September 20, 2000
No summary available.
Mid-1997, Don Mace, an editor with 30 years of experience in publishing news and information to Federal employees, decided to launch his own company publishing guidebooks for Federal employees. Books to this marketplace were traditionally sold via direct mail -- but other publisher’s DM responses had been declining lately and direct mail requires a substantial upfront cash investment. Mace decided to go full throttle down a road no one else in his marketplace had taken yet -- email marketing.
Mace knew successful email marketing requires access to opt-in lists. So, prior to publishing any print books whatsoever, Mace’s team spent an entire year building their own opt-in list by offering a free weekly email newsletter. In June 1997 Mace and his son trudged up and down Capitol Hill personally handing out flyers advertising this new free weekly. They also surveyed Federal employees to find out exactly what topics they wanted information on (and what they didn’t care about.) Then they went back to their Richmond VA offices to publisher the highest quality, 2-3 page email weekly they possibly could.
Staffer Kevin Couch explains, “I’ve heard so many times from competitors that if you’re giving away content free you don’t need to worry about quality. That’s absolutely not true. There’s so much competition now that it’s the opposite!”
FEDweek launched the first of many print books mid-1998. Copies were marketed through announcements in the email newsletter.
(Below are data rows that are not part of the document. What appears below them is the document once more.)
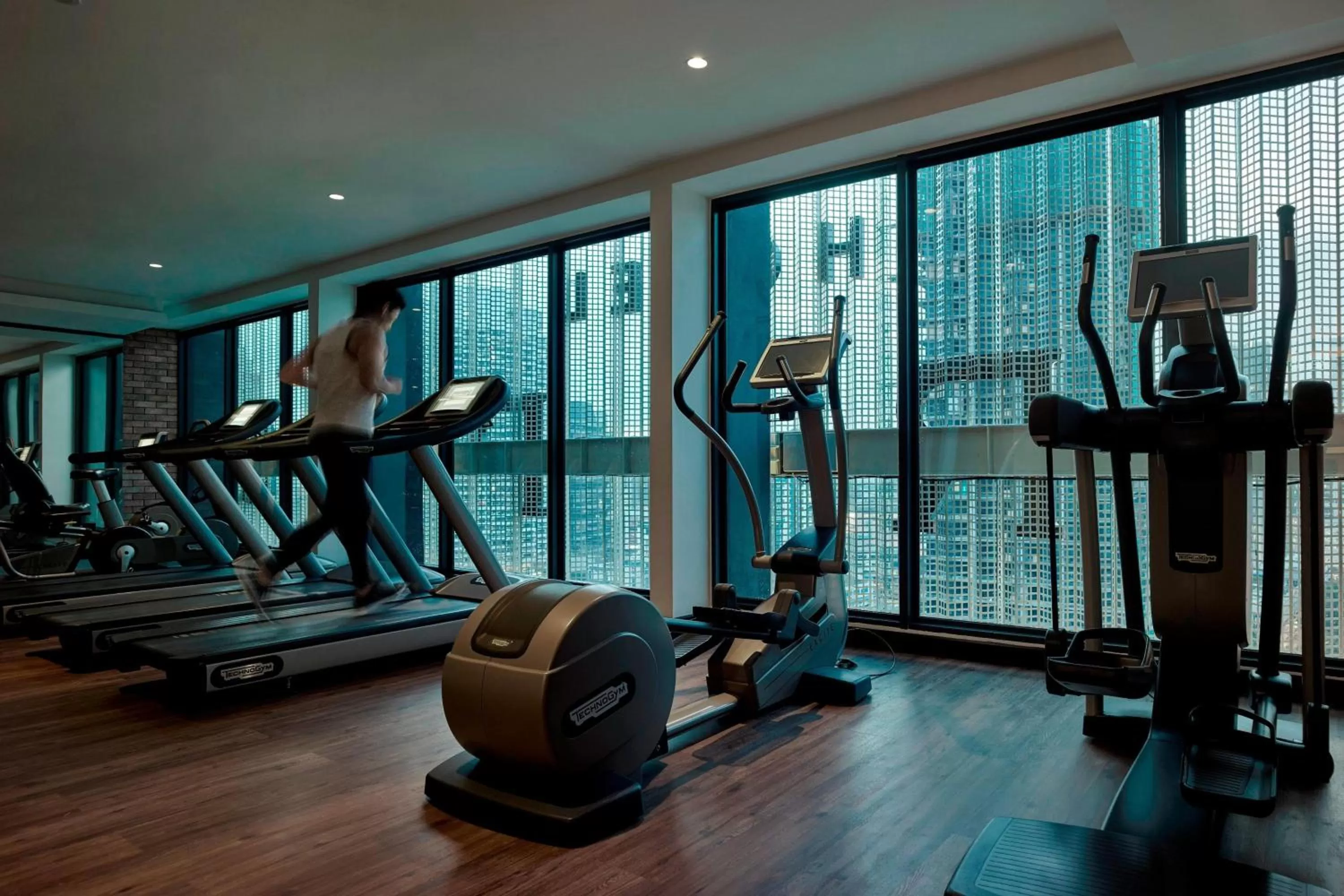 Fitness centre/facilities in Hotel Stripes Kuala Lumpur, Autograph Collection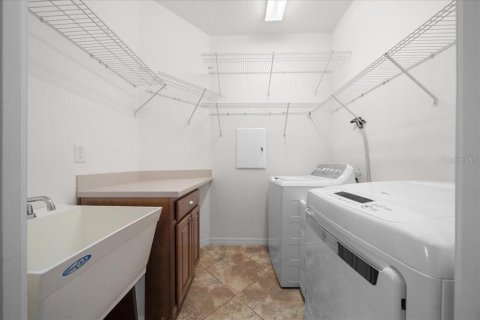 House in Ocala, Florida 3 bedrooms, 177.07 sq.m. № 1785598 - photo 23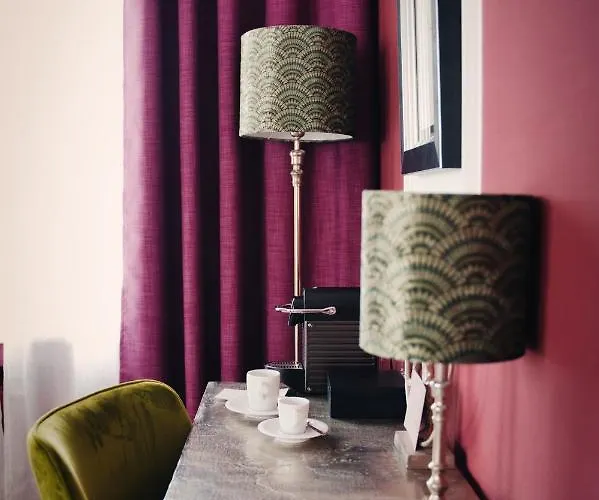 Boutique Sarah Hotel 4*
FEDweek contracted a 24/7 inbound telemarketing firm to take orders. Books prices were set at $9.95 plus $3 shipping. Couch says, “We keep the price low because there’s so much free stuff available online; but, by the time you’ve spent the money on time, paper and ink cartridges to get it you’ll spend about that much. So why not buy the printed copy from us?”
Despite hardly spending any money on marketing (except for those initial flyers and some Web development costs) FEDweek now has more than a million opt-in subscribers to its email newsletters. The Company’s been so successful selling print guidebooks to these readers that it’s launched a total of 15 titles so far, with more on the way. All orders are cash or signed government P.O. so FEDweek doesn’t carry heavy accounts receivables. And yes, this is one Internet-based company that is profitable!
NOTES: FEDweek also generates less significant revenue streams by sending messages to readers about special offers from hand-picked advertisers. The offers must be specifically directed to and genuinely benefit Federal employees.
Three months ago FEDweek launched a general-interest publication for all Americans entitled, “Retirement and Financial Planning Report” and they are interested in talking about partnerships with related Web sites and publishers. The Company is also interested in syndication deals.